天候令嬢の侍女 【天候令嬢発売記念】
天候令嬢10月10日発売!
それを記念して短編です(●´ω`●)
私の暮らすシュルトン王国は、魔物が侵入してくる渓谷のすぐそばにあり、私自身も結婚するまでは騎士として働いていた。
女であろうと、男であろうと、戦える者は剣を持つ。
シュルトン王国ではそれが当たり前であり、私も剣を取った。
死ぬまで剣を握っていようと思った私だったけれど、結婚を機に最前線で働くのではなくシュルトンの国王であるアズール様の花嫁様の侍女として働くことを決意した。
最初は自分に侍女が務まるのだろうかとも思ったけれど、婚約者としてシュルトンに訪れたシャルロッテ様に仕えるようになって私はなんと幸運だったのだろうかと思った。
真面目で一生懸命で、一つ一つに意欲的。
そして小さくて可愛くて、こちらを見上げてくる視線が何とも言えない。
こんな気持ちに自分がなるとは思っていなかった。
「ねぇローリー。今日は洋服の仕立て屋さんがくるでしょう? でも、私、もう洋服は揃っているし必要ないと思うの。だから」
「いいえ。きっとアズール様はシャルロッテ様の新しい服を楽しみにしています」
そう答えると、私の仕えているシャルロッテ様は動きを止め、それから恥ずかしそうに言った。
「楽しみに……されているかしら?」
一つ一つの動きが可愛らしいなと思う。
シュルトンに生まれる者は基本的に皆力強い。土地柄なのか、シャルロッテ様のように天使のように可愛らしい人のほうが珍しい。
「きっと楽しみにしていますわ。

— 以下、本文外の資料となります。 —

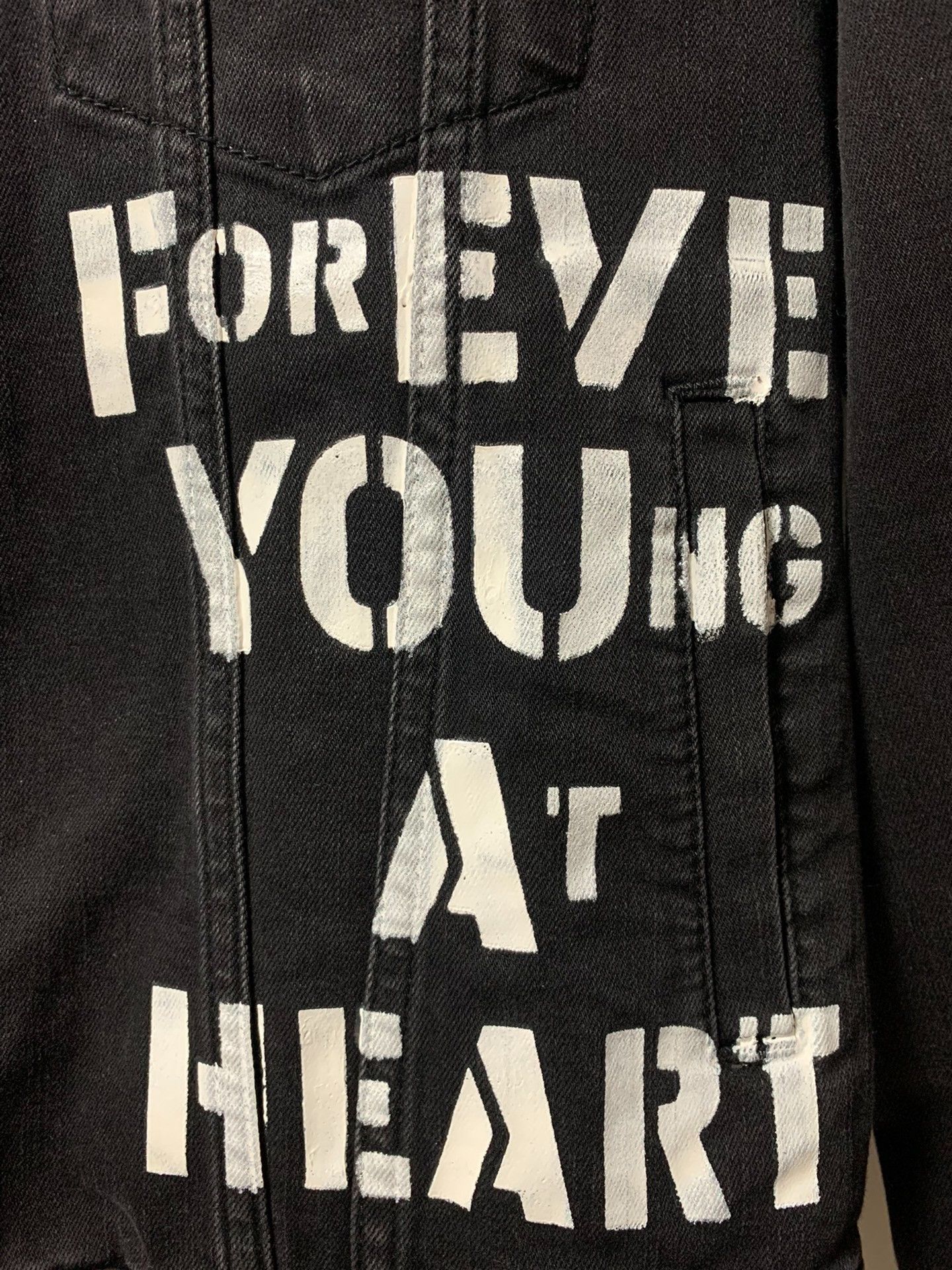 Vivienne Westwood Remake Punk Rock Studded Black Denim Jacket Size US M / EU 48-50 / 2 - 4 Thumbnail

あの……よければ私もシャルロッテ様の服を選ばせてもらいたいです」
実はずっとシャルロッテ様の服を選んでみたかった。
勇気をもってそう言うと、シャルロッテ様は嬉しそうに微笑んで言った。
「嬉しいわ! なら、ローリーに選んでもらって、一着は買うわ」
可愛らしく微笑む姿が、こちらの胸をきゅんとさせる。
私自身は既婚の身だけれど、結婚前に出会っていたら、私はシャルロッテ様にメロメロになって自分の婚期が遅れていた可能性があるなと思った。
それほど可愛らしい人なのだ。
その後洋服の仕立て屋がくると、私はシャルロッテ様に似合うように、そしてアズール様が喜ぶようにとデザインを仕立て屋に伝えていった。
アズール様は基本的に可愛らしい服が好きだ。
それは分かっているけれど、私の好みはもう少し大人っぽくて、それでいて可愛らしいもの。
つまり、私の今回のコンセプトは小悪魔である。
きっとシャルロッテ様が来たら大変可愛らしいだろうなと思い、私は出来上がるのを待っていた。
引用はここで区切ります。